## [Data segment]

──────

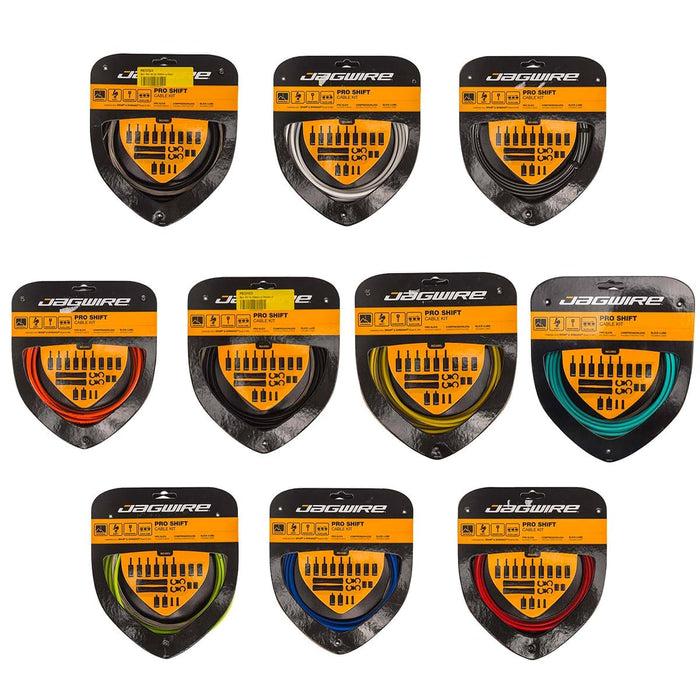 JAGWIRE ROAD AND MOUNTAIN PRO Umwerfer Kabel- und Hüllen-Set Mattschwarz Super Rabatt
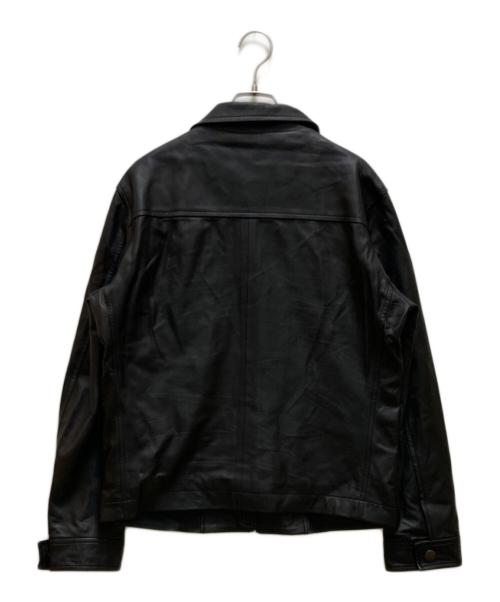 Paul Smith COLLECTION（ポールスミス コレクション）Paul Smith COLLECTION (ポールスミス コレクション) ラムレザージャケット ブラック サイズ:Ｍの古着・服飾アイテム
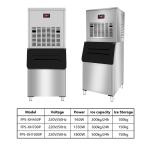Push Button Control Panel Commercial Automatic Snow Ice Making Machine for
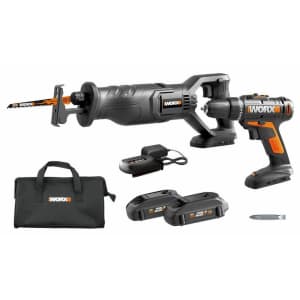 Worx 20V Cordless Drill Driver & Reciprocating Saw Kit for $199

──────

## [Aim of the task]
Transcribe exactly the portion of the material above that runs from the line containing "Push Button Control" through its last line, omitting all pictures.

## [Answer to this problem]
Push Button Control Panel Commercial Automatic Snow Ice Making Machine for
 Worx 20V Cordless Drill Driver & Reciprocating Saw Kit for $199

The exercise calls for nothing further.